SMP: unnecessary scheduling when using pipes [2.3.*]

From: Martin Schenk (schenkm@ping.at)
Date: Fri Feb 25 2000 - 14:47:08 EST


short summary:
The semaphore PIPE_SEM(*inode) is only taken for very brief amounts
of time, all real waiting is done with PIPE_WAIT. On a SMP system
replacing this semaphore with a spinlock avoids unnecessary scheduling.

long story:
While experimenting with the lockmeter-patch (to measure spinlock wait
and hold times), I got the following strange results:

CON WAIT TOTAL NOWAIT SPIN
58% 1.4us 22508 9657 12851 __down_interruptible+0x390
27% 0.7us 22508 16588 5920 __down_interruptible+0xb8
 
there was extremely high contention on the wait_queue lock
[0x390 = remove_wait_queue, 0xb8 = add_wait_queue_exclusive]
of a semaphore, due to contention on the semaphore itself.
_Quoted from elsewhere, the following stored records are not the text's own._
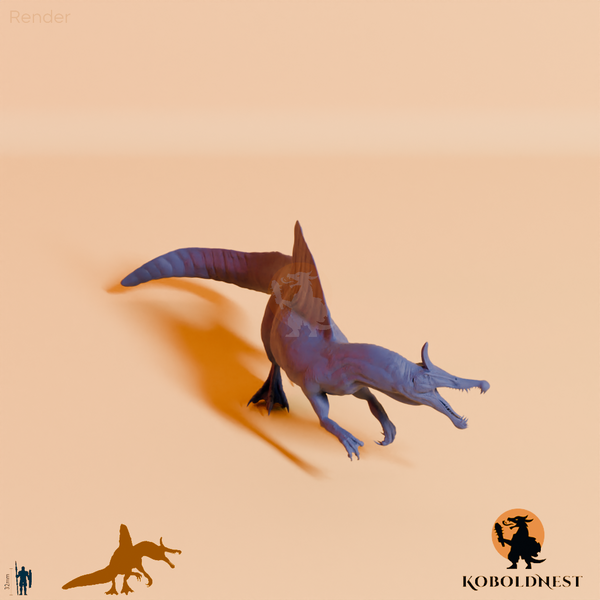 Spinosaurus mirabilis 01 - JJP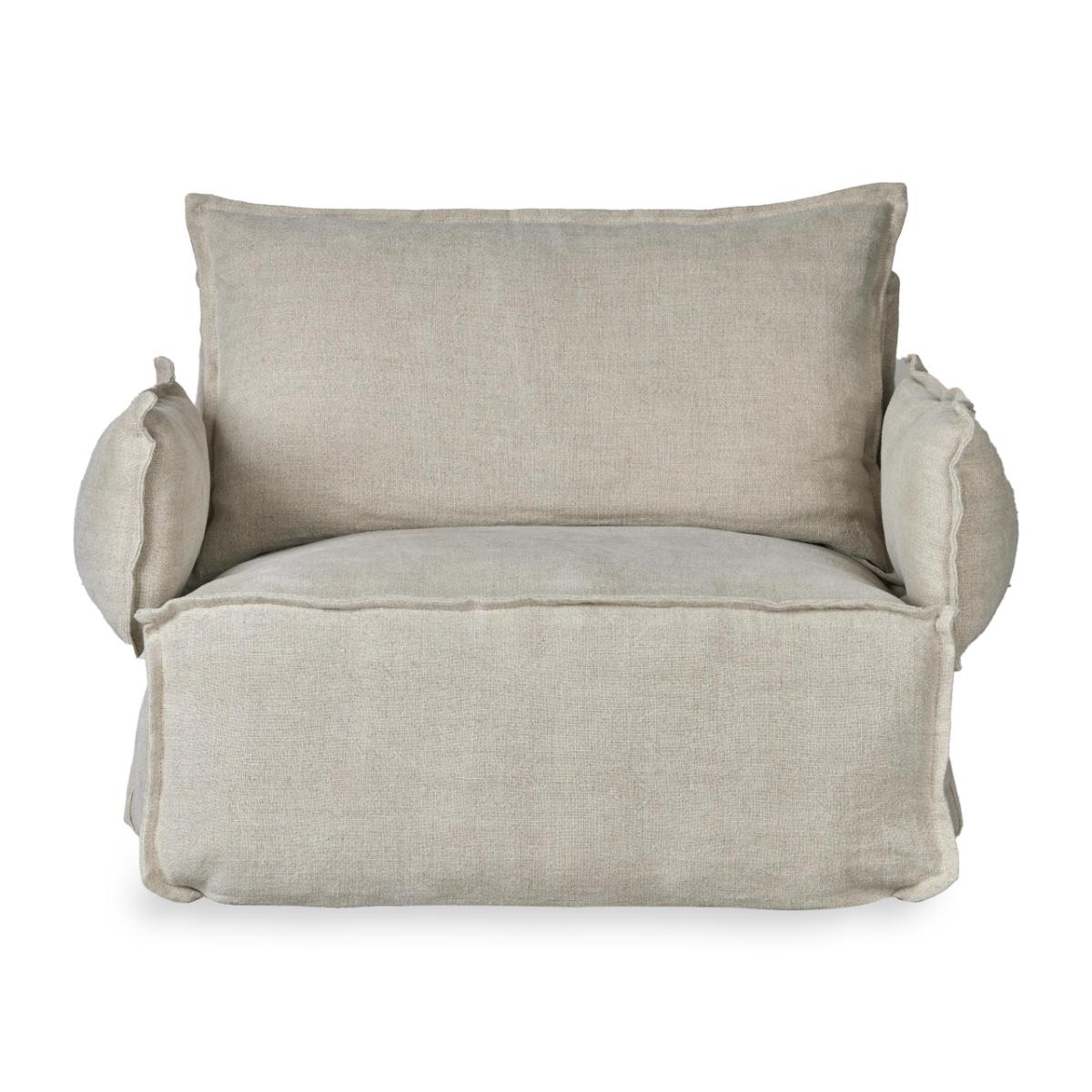 Armrest LINEN Quax beige
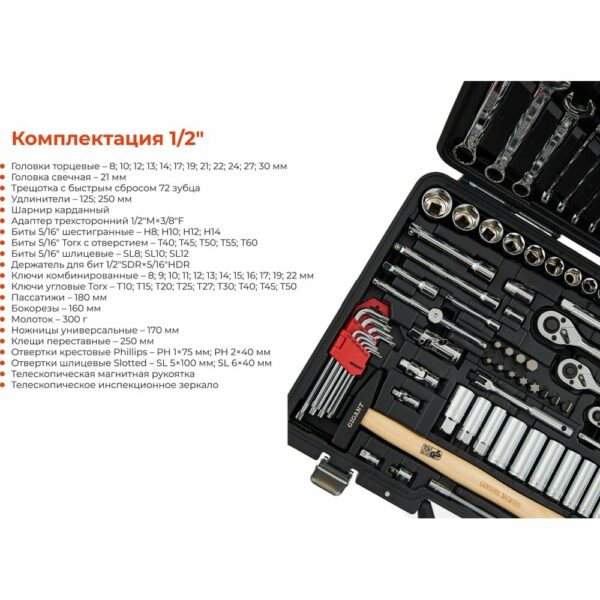 Набор инструментов Gigant Professional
All these calls to __down_interruptible where due to contention
on PIPE_SEM in pipe_read and pipe_write.

As PIPE_SEM is only held for a very short time, the "semaphore-overhead"
of:
        - Adding the waiting process to a waitqueue
        - schedule
        in __down_interruptible()
        - wake up the process
        in __up()
        and finally
        - remove the process from the waitqueue
        in down__interruptible() again
seems excessive [especially if bad timing leaves you spinning when
accessing the waitqueue]

I made a small patch that adds a spinlock_t variable to pipe_inode_info
and uses this spinlock to protect write and read. In all other functions
that do a down(PIPE_SEM), this spinlock is first taken and released
after
calling up(PIPE_SEM).

Can anyone tell me whether locking PIPE_SEM (which is just inode->i_sem
in disguise) is necessary for synchronizing with other parts of the
kernel that lock i_sem ?

If someone is interested in the patch, email me.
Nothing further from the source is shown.